Dangote Sugar lance une émission de droits d’environ 353 millions de dollars pour financer son expansion et réduire sa dette. Le premier producteur de sucre du Nigeria veut renforcer sa production locale, tout en diminuant la dépendance du pays au sucre brut importé. Derrière cette opération financière, il y a un pari industriel plus large : reprendre une partie de la chaîne de valeur sucrière sur le sol nigérian.
Une levée de fonds taillée pour l’expansion
Cette opération s’inscrit dans une dynamique africaine plus large où les pays producteurs cherchent à capter davantage de valeur localement. Dangote Sugar Refinery a ouvert une émission de droits sur le Nigerian Exchange Group. L’opération porte sur environ 485 milliards de nairas, soit près de 353 millions de dollars selon l’estimation communiquée. Elle s’adresse d’abord aux actionnaires déjà inscrits au registre de l’entreprise.
La société propose plus de 8 milliards de nouvelles actions ordinaires au prix de 60 nairas l’unité. Le mécanisme retenu est classique : deux nouvelles actions pour trois actions déjà détenues. Cette formule permet aux actionnaires existants de participer à l’effort de financement sans être immédiatement dilués s’ils suivent l’opération.
Selon Businessday NG, la période de souscription s’étend du 25 mai au 24 juin 2026. Ce calendrier montre que Dangote Sugar veut avancer vite. L’entreprise ne cherche pas seulement à lever de l’argent. Elle veut sécuriser les moyens financiers de sa prochaine phase industrielle.
Réduire la dette avant de produire plus
Une partie des fonds servira à renforcer le bilan de Dangote Sugar. C’est un point important. Dans un environnement marqué par des coûts de financement élevés, une dette trop lourde peut freiner les investissements et fragiliser les marges.
L’entreprise veut donc réduire son endettement tout en finançant ses projets de croissance. Cette double priorité est logique. Il serait risqué d’accélérer l’expansion industrielle sans assainir d’abord la structure financière. Dans l’agro-industrie, les retours sur investissement peuvent prendre du temps.
Dangote Sugar vise une production annuelle de 1,5 million de tonnes de sucre à partir de matières premières locales. Cet objectif suppose des investissements massifs dans la culture de la canne, la transformation, la logistique et les infrastructures agricoles. La levée de fonds doit donc servir de carburant à un projet long, pas à une simple opération de marché.

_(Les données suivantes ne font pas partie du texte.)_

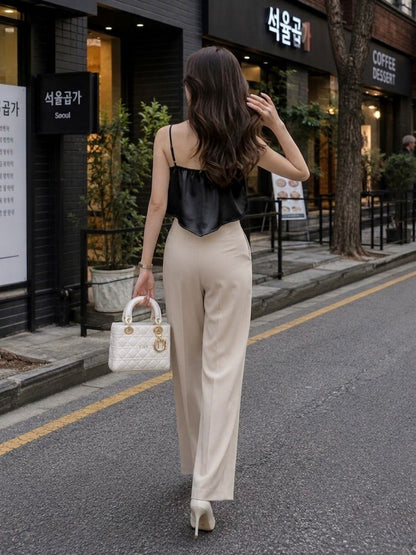 Addilyn Satin Top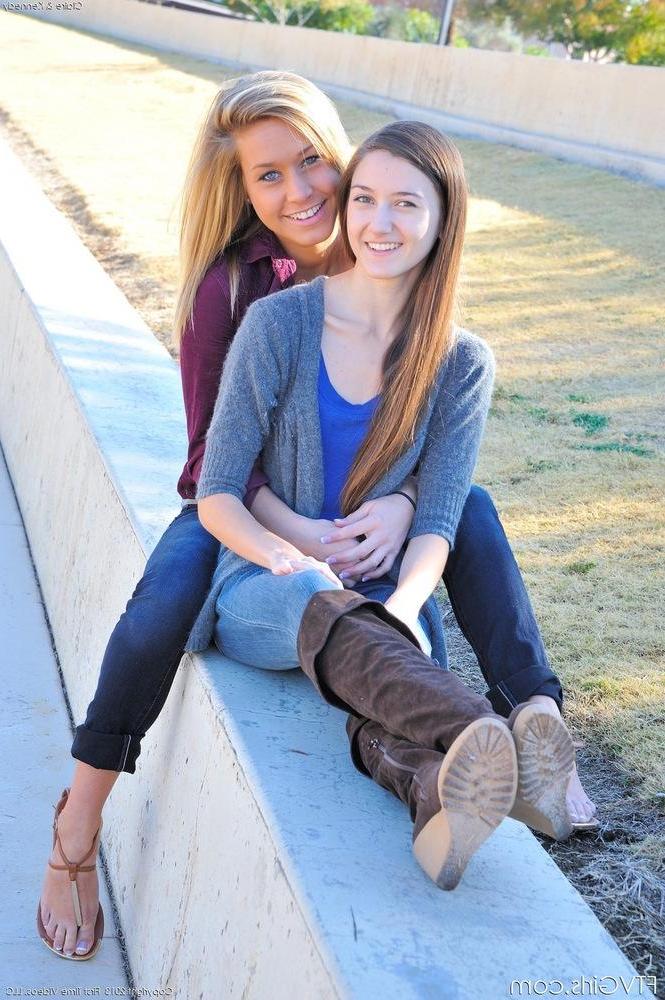 15P Kennedy Leigh hooks up her with her hot girlfriend for some naughty lesbian fun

Le Nigeria veut réduire sa dépendance au sucre importé
Le dossier dépasse les intérêts d’une seule entreprise. Le Nigeria importe encore une grande partie de son sucre brut, notamment depuis le Brésil. Ces importations alimentent les raffineries locales, dont celle d’Apapa, mais elles exposent le pays aux variations de prix, de change et de transport.

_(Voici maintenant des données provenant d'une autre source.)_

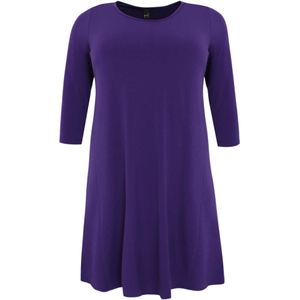 YOEK - A-lijn Jurk - 3/4 Mouwen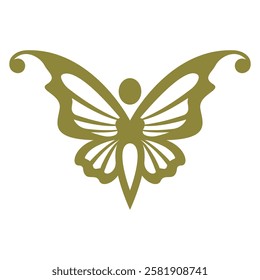 Butterfly illustration logo design. Logo for fashion and skincare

En 2024, les importations de sucre ont représenté environ 915 milliards de nairas, selon les données citées du Bureau national des statistiques. Ce chiffre illustre une dépendance coûteuse. Il montre aussi l’espace disponible pour une production locale plus forte.
Pour le Nigeria, développer la canne à sucre sur son territoire peut soutenir l’emploi, l’agriculture et l’industrie. Mais le défi reste lourd. Il faut des terres bien aménagées, de l’eau, des routes, de l’énergie et une coordination solide entre producteurs, usines et distributeurs. Comme pour les grandes ambitions numériques africaines, l’électricité et les infrastructures restent décisives. Le sucre local ne se décrète pas. Il se construit.
Un pari industriel ambitieux, mais exigeant
Dangote Sugar dispose d’un avantage évident : sa taille. Le groupe possède une capacité de raffinage installée importante et une position dominante sur le marché nigérian. Cela lui donne une base commerciale solide pour absorber une montée en puissance de la production locale.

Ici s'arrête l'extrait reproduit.